> ASSIGNED TASK
Take each line in the entries below that holds "Handmade" and show it.

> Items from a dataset
Start of Block

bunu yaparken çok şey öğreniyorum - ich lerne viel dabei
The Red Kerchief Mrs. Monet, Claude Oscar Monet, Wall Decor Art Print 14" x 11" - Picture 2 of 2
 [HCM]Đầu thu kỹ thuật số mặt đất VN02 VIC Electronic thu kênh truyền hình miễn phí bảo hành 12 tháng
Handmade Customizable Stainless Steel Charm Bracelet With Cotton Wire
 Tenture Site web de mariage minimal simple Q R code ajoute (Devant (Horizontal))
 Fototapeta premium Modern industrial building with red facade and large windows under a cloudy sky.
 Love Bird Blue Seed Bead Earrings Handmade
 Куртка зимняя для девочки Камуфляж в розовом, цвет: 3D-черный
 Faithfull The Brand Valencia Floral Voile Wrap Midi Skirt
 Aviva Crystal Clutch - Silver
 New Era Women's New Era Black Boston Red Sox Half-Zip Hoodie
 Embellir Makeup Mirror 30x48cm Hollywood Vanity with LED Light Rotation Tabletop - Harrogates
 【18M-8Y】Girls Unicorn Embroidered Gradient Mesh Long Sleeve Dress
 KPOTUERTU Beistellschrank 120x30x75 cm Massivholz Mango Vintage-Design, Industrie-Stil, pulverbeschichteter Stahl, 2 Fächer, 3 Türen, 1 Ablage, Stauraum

End of Block

> PROBLEM SOLUTION
Handmade Customizable Stainless Steel Charm Bracelet With Cotton Wire
 Love Bird Blue Seed Bead Earrings Handmade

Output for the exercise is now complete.